(Data supplied Opens)
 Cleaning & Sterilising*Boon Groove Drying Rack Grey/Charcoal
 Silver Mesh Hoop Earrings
(Data supplied Closes)
(Data supplied Opens)
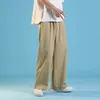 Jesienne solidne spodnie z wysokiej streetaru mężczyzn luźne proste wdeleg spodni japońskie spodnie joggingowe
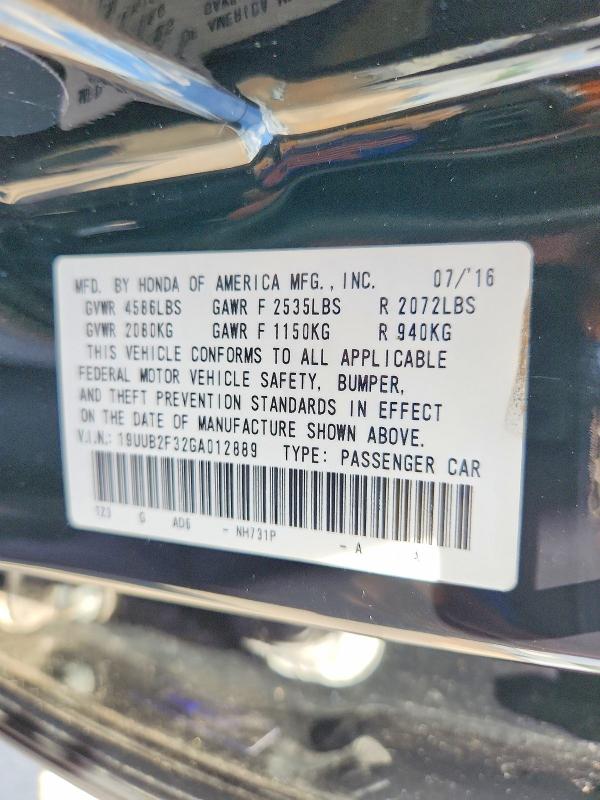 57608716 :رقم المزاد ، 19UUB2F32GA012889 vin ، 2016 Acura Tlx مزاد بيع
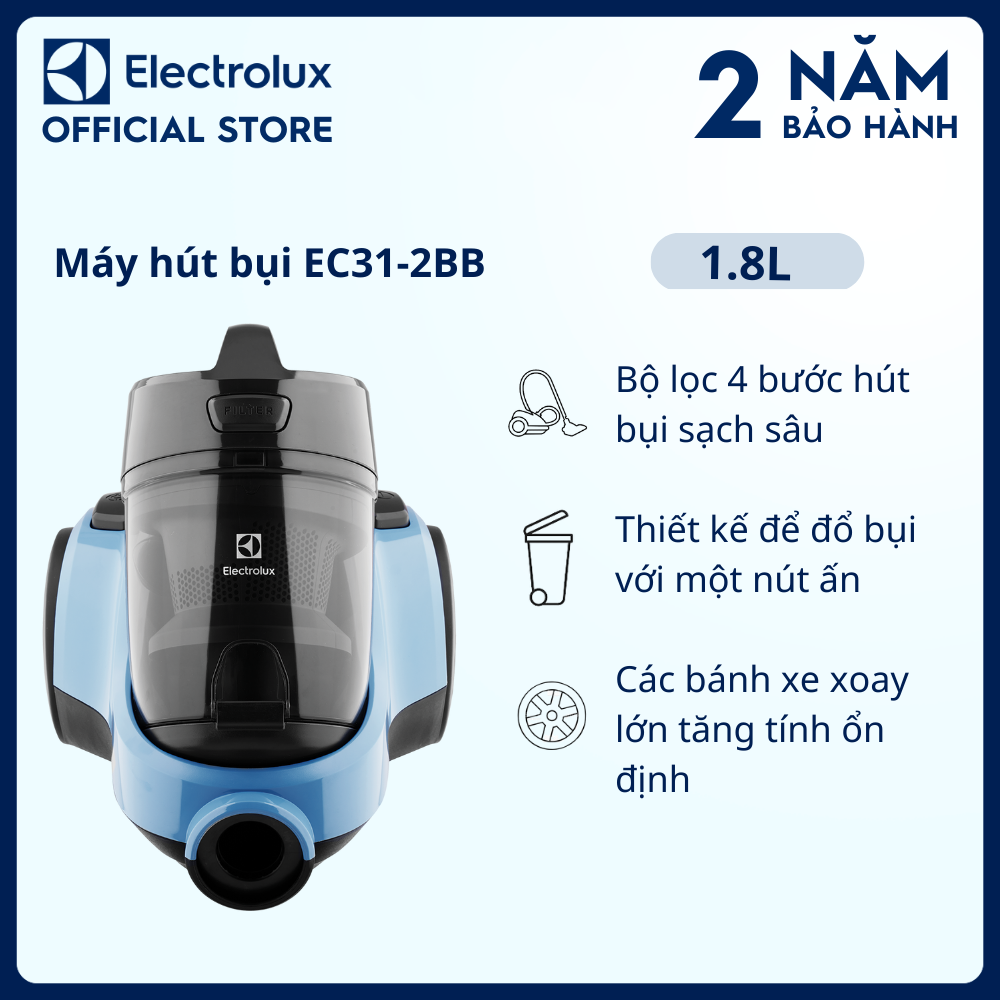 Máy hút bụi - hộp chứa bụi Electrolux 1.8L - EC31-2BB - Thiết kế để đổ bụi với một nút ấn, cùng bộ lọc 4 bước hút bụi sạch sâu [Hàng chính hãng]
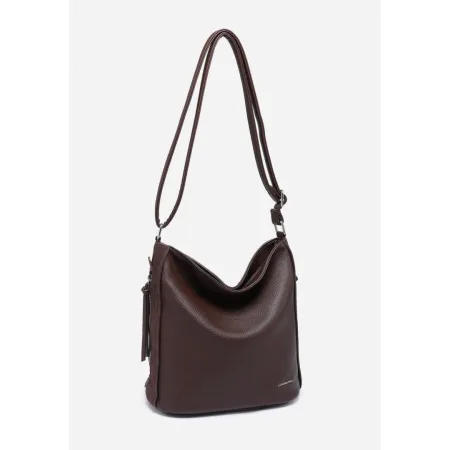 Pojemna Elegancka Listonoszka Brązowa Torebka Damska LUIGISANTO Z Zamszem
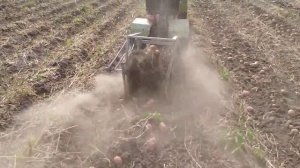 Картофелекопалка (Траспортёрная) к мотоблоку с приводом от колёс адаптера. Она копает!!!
(Data supplied Closes)
Your objective => In the records above, find the line with "Pojemna Elegancka Listonoszka" and the line with "Картофелекопалка (Траспортёрная) к", then restate word for word only those two lines and all lines between, omitting pictures.

Answer for this exercise =>
 Pojemna Elegancka Listonoszka Brązowa Torebka Damska LUIGISANTO Z Zamszem
 Картофелекопалка (Траспортёрная) к мотоблоку с приводом от колёс адаптера. Она копает!!!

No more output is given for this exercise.